El retrato de la Puerta de los Perdones

Casi todas las bodas y los bautizos terminaban allí cuando funcionaba la parroquia del Sagrario

Eduardo de Vicente
08:58 • 05 abr. 2022

En la Puerta de los Perdones de la Catedral están escritas las historias de amor que se sellaban en la parroquia del Sagrario y se festejaban en la calle, cuando los novios, la familia y todo el que pasaba por delante, posaban ante la cámara mágica. El fotógrafo decía “poneros todos”, pensando que cuantos más salieran en la foto más posibilidades de hacer negocio tenía.



Se podía escribir una historia del barrio a través de las fotografías de la Puerta de los Perdones. Recogen momentos felices, retazos de juventud, la culminación de tantos noviazgos que necesitaban el consentimiento de la iglesia para poder unirse de verdad. La mayoría de aquellas parejas que pasaban por la capilla del Sagrario en los años cincuenta eran gente humilde, familias que seguramente habían tenido que estar meses ahorrando para que la novia se hiciera el vestido y para que el novio pareciera un príncipe aunque solo fuera por un día. 



El momento de la fotografía era el instante supremo de la celebración porque aquellos retratos encerraban el misterio de la eternidad. Pasaba la boda, pasaban las ilusiones, el amor se iba erosionando, y las fotos iban sobreviviendo a todas las adversidades, encerradas en una lata de carne de membrillo o asomadas a la ventana de un humilde marco de madera y cristal.



Pasaba el tiempo y los retratos de bodas seguían allí, intactos, contándonos la historia de los días felices cuando poco importaba la dureza de la vida y que la austeridad de aquel tiempo no permitiera grandes festejos: ni viajes de novios grandiosos ni grandes convites, que se limitaban al comedor de las casas, a unos cuantos bocadillos y al vino peleón que se compartía con la familia.



Había mucha felicidad en aquellos retratos en la Puerta de los Perdones. La felicidad de los que tenían toda una vida por delante. La felicidad de una pareja que esa noche iba a unir sus cuerpos, seguramente por primera vez, después de que un sacerdote les hubiera unido el alma. Después llegaría la realidad del día a día: la dureza de la vida compartida, los sufrimientos de los hijos, la mano inexorable del paso del tiempo del que sólo se salvarían aquellas viejas fotografías de recién casados que sobrevivían a varias generaciones.



En esa misma puerta posaron Rafael Pérez Hernández y Pilar Sánchez Delgado cuando contrajeron matrimonio de la mano de don Francisco Sánchez Egea, el cura jorobado que había conseguido por oposición la plaza de párroco del Sagrario.

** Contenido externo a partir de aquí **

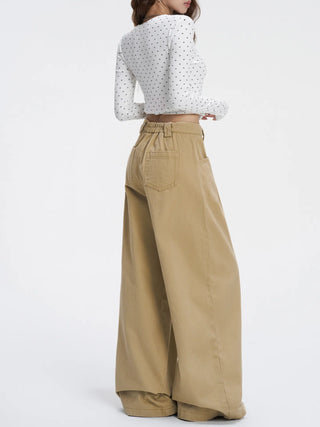 khaki wide jeans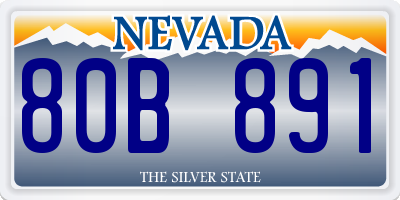 NV license plate 80B891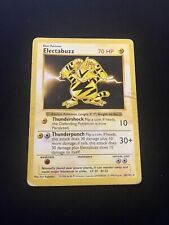 Shadowless Electabuzz 20/102 Non Holo Rare Pokemon Cards Base Set WOTC Vintage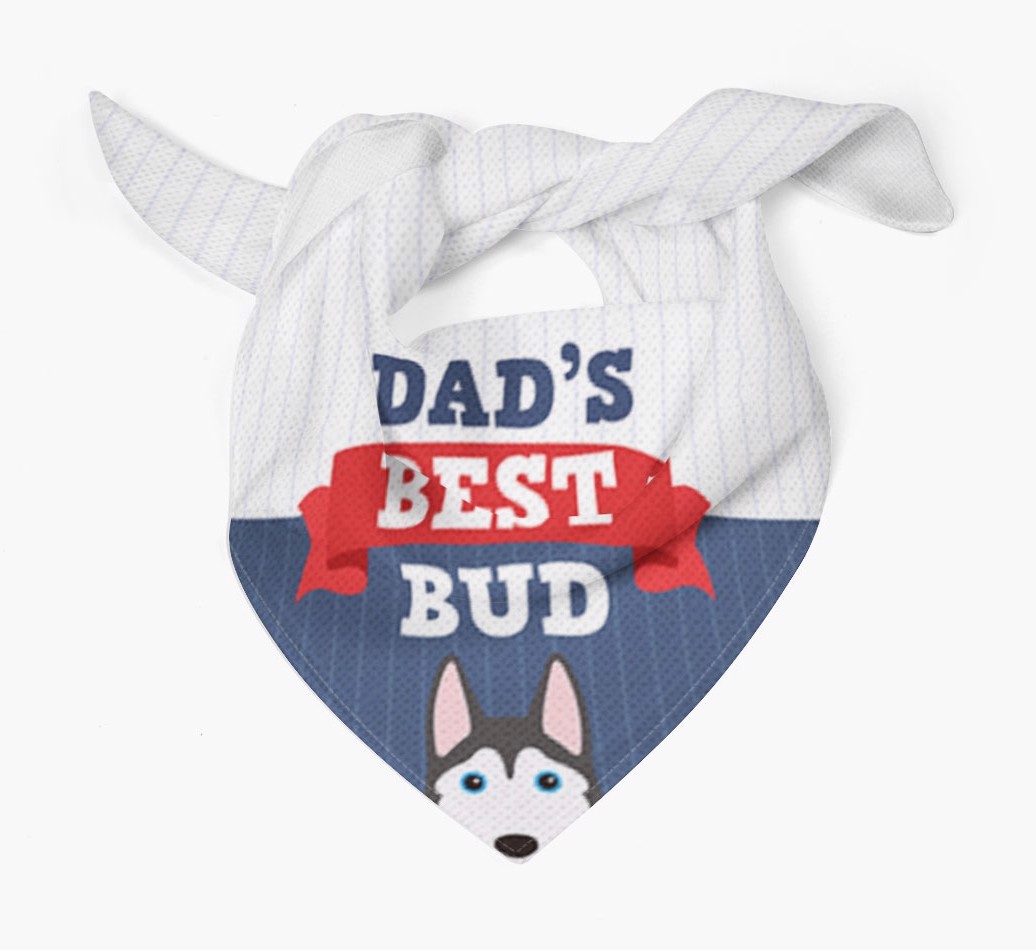 Dad's Best Bud: Personalised {breedFullName} Bandana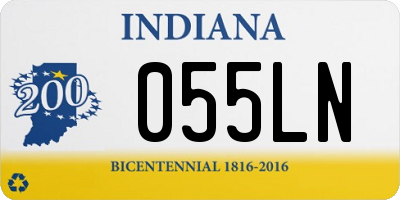 IN license plate 055LN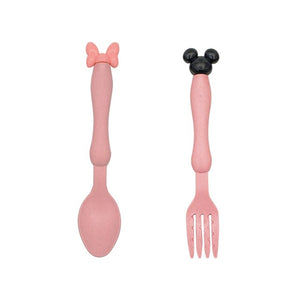 3Pcs/Set Baby bowl+spoon+fork Feeding Food Tableware Cartoon Bear Kids Dishes Eating Dinnerware Anti-hot Training Dinner Plate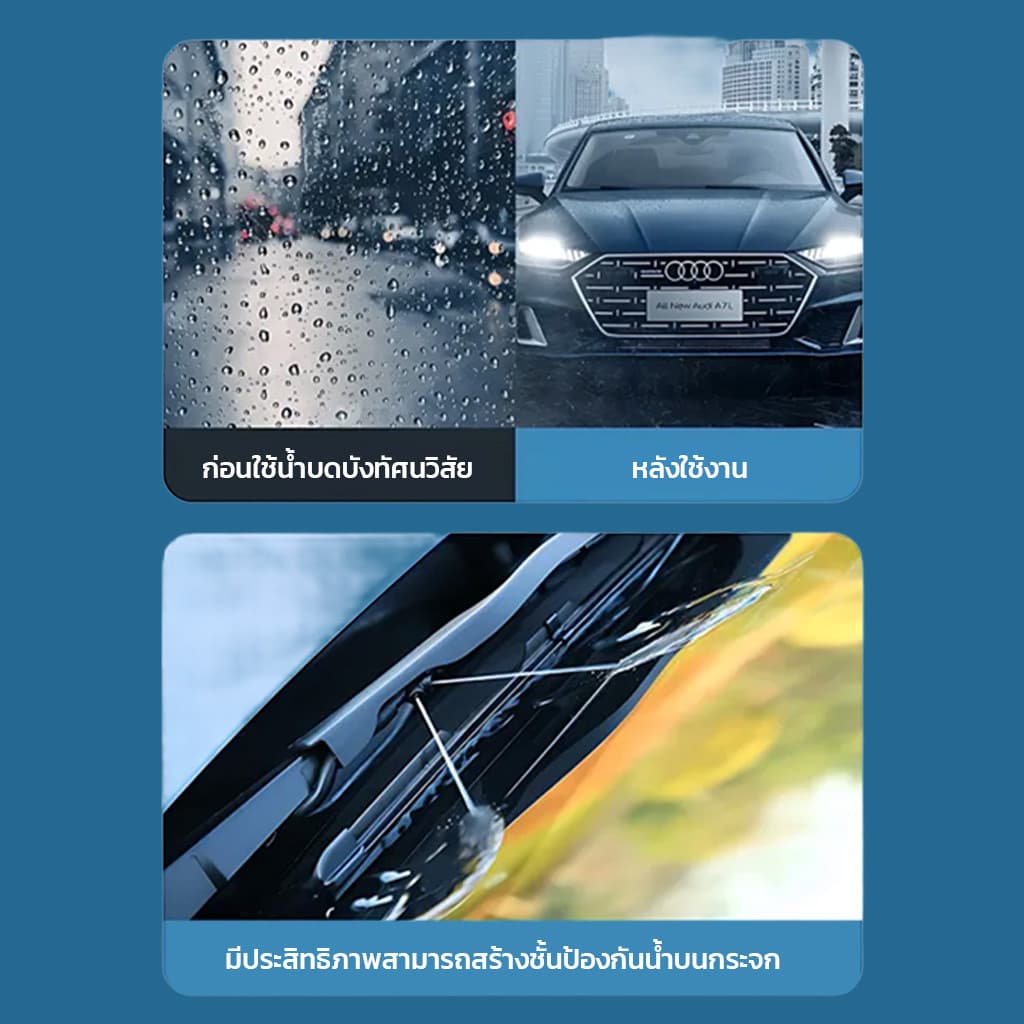 WATTS น้ำยาล้างกระจก 2L ทำความสะอาดกระจกรถยนต์ Premium Glass Cleaner ขจัดคราบสกปรก คราบแมลง มูลนก รูปที่ 6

Eran los primeros años cincuenta y hacían una buena pareja. Él, Rafael, tenía su taller de platería en la calle Real del Barrio Alto, y ella, Pilar, venía de una familia muy conocida de la Almedina, ya que su padre era el confitero Antonio Sánchez Zea.



En aquel retrato que se hicieron en la Puerta de los Perdones brilla un instante de felicidad que seguramente no volvió a repetirse con frecuencia a lo largo de sus vidas. No tuvieron un camino fácil, ni en el trabajo ni tampoco en el familiar. Su minuto de gloria se resume en aquella foto de boda, delante de un portón que tampoco aguantó el paso del tiempo y acabó cayendo en el olvido. 



La capilla del Sagrario y su Puerta de los Perdones ya forman parte de la historia de los que nacimos en el barrio. Allí se casaron nuestros padres, allí nos bautizaron y allí nos dieron la Primera Comunión. Para muchos de nosotros aquella capilla, situada en la esquina de poniente del  templo, tenía algo de iglesia de pueblo: pequeña, fría y adornada en la entrada con la pila bautismal donde  jugábamos a  llenar de agua bendita a todo el que se nos cruzara por delante. 


La Puerta de los Perdones estaba rodeada por asientos de piedra y flanqueada por un pequeño jardín, sórdido y destartalado, protegido por una  gran verja de hierro que acentuaba el aspecto de abandono de aquel entorno. En aquellos hierros oxidados que terminaban en puntas de lanzas jugábamos los niños como si estuviéramos en el patio de nuestras casas. Trepábamos por la verja, profanábamos lo que quedaba del jardín y escalábamos por los salientes de la fachada.